May 2019 was both wetter (72.8 mm, 143% of long-term average) and sunnier (188.9 hours, 167% of average) than usual. For the most part it was cool, and sometimes distinctly chilly — the lowest MAXIMUM temperature was only 7.9°C — brrr!!! — while the highest was only 21.3°C (lower than April’s) and the mean maximum was 14.7°C. On several nights the grass minimum temperature dipped below freezing, leading to ground frosts. The best weather was from 11th to 17th, which were dry and sunny; the month’s highest maximum temperature was in this spell. The month ended on a wet note, with the highest rainfall in any one day, 14.2 mm, being recorded on the penultimate day. Another six species were added to the Garden wildlife list, taking it from 1,085 to 1,091. They were two micro-moths, a sawfly, a true fly and two beetles.

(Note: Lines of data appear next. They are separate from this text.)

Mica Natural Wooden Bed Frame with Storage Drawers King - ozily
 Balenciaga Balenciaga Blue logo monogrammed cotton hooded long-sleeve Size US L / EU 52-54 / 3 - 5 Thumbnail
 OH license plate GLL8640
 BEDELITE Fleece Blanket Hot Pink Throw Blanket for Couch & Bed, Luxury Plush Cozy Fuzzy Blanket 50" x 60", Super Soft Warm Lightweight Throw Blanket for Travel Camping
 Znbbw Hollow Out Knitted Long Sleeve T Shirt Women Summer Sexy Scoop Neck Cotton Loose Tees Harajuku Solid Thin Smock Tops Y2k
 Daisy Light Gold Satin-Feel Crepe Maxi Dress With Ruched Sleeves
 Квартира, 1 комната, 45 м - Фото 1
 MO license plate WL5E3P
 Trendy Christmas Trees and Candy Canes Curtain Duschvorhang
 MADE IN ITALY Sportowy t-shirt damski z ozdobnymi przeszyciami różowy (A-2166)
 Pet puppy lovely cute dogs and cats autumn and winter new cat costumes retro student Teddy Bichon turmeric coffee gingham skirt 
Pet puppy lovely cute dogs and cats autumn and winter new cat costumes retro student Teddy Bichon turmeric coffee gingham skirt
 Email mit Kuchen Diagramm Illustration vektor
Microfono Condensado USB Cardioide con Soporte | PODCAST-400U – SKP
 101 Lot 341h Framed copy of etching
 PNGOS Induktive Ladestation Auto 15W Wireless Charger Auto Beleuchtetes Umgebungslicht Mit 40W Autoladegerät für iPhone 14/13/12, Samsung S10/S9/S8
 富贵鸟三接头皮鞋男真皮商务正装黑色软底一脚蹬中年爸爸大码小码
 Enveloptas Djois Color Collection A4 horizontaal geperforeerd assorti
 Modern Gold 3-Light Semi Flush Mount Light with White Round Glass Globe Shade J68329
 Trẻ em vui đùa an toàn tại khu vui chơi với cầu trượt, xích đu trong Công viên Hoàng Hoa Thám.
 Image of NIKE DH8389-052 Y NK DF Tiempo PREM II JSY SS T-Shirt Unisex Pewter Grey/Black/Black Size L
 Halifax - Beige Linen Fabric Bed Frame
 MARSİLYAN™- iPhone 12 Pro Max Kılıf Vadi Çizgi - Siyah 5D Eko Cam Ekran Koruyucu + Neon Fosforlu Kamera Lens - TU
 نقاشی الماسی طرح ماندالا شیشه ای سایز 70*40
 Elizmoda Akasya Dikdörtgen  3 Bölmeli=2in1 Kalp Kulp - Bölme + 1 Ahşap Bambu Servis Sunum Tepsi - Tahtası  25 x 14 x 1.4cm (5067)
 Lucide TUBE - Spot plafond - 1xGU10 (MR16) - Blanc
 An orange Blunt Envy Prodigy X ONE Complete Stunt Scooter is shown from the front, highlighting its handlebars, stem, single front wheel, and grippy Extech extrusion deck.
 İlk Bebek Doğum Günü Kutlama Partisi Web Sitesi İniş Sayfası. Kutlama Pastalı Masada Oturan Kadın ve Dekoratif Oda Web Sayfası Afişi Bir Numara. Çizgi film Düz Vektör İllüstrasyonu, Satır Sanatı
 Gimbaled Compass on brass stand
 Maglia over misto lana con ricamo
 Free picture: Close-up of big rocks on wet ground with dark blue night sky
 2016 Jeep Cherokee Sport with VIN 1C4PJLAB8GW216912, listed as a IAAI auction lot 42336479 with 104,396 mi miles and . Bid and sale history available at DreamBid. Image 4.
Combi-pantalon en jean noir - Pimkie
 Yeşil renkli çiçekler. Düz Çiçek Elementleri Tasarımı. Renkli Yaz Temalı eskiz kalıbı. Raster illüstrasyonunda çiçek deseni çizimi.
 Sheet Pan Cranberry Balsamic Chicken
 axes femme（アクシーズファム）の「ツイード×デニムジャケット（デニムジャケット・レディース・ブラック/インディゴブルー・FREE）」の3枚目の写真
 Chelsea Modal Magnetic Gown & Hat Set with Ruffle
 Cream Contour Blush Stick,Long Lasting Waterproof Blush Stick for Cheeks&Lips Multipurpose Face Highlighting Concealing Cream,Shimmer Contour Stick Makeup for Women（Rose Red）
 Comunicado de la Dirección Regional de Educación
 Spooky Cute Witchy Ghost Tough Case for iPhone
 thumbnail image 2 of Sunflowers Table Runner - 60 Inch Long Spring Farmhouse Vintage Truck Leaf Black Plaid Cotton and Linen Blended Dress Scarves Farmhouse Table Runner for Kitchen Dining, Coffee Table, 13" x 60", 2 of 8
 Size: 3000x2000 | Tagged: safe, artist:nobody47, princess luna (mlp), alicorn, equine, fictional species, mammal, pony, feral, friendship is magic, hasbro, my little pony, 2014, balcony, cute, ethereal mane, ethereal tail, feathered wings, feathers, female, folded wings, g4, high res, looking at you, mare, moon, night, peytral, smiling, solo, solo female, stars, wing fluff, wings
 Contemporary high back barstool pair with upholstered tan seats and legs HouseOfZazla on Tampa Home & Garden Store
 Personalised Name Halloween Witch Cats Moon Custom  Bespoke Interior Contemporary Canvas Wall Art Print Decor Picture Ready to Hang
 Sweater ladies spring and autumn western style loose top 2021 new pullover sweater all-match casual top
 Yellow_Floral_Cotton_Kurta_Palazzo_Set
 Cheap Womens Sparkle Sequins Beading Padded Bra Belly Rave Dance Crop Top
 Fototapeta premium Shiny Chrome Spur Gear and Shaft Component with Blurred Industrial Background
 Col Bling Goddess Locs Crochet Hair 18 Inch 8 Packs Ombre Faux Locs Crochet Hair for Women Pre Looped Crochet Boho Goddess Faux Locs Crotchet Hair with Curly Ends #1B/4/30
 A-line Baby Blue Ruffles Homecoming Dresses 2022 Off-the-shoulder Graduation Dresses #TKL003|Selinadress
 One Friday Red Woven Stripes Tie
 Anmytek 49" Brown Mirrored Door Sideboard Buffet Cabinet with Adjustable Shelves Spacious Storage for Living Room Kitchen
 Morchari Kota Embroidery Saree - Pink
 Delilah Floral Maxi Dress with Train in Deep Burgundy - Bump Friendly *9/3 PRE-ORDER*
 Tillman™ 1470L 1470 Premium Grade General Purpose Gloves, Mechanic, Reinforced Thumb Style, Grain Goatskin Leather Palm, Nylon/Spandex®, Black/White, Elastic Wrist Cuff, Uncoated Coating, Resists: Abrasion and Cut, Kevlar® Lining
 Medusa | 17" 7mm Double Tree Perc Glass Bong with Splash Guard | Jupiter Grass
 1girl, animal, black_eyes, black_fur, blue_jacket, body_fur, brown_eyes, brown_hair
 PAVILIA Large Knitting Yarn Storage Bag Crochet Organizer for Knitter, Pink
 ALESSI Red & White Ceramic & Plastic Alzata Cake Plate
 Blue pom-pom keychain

Birds: Thirty-seven bird species were recorded at RBGE during May 2019 which, compared with some previous Mays, such as 2018, was rather uneventful. No unusual passage migrants, like last year’s Cuckoo and Redstart, were recorded. May 2019 did, however, bring the year’s first sightings of House Martin (15th) and Swift (seven dates from 15th to the end of the month). Swallow was not seen, though, so we did not yet have a summer, just as the weather told us! Black-headed Gulls were away all month on their breeding grounds and there were also no Kingfisher records, possibly for the same reason. Last month’s Collared Doves however remained until 1st at least and singing Chiffchaffs continued to hold several territories in the Garden all month. Nuthatches and Great Spotted Woodpeckers were reported on 9 and 19 dates respectively throughout the month; both species apparently bred. Tawny Owl was recorded on three occasions (10th, 14th and 31st) and Grey Heron on seven dates. There were also four sightings of Sparrowhawk spread throughout the month. The complete list of 37 species recorded during May 2019 was: Blackbird, Blackcap, Blue Tit, Bullfinch, Buzzard, Carrion Crow, Chaffinch, Chiffchaff, Coal Tit, Collared Dove, Dunnock, Feral Pigeon, Goldcrest, Goldfinch, Great Spotted Woodpecker, Great Tit, Greenfinch, Grey Heron, Herring Gull, House Martin, Jackdaw, Lesser Black-backed Gull, Long-tailed Tit, Magpie, Mallard, Moorhen, Nuthatch, Oystercatcher, Robin, Siskin, Song Thrush, Sparrowhawk, Swift, Tawny Owl, Tree Creeper, Wood Pigeon, Wren.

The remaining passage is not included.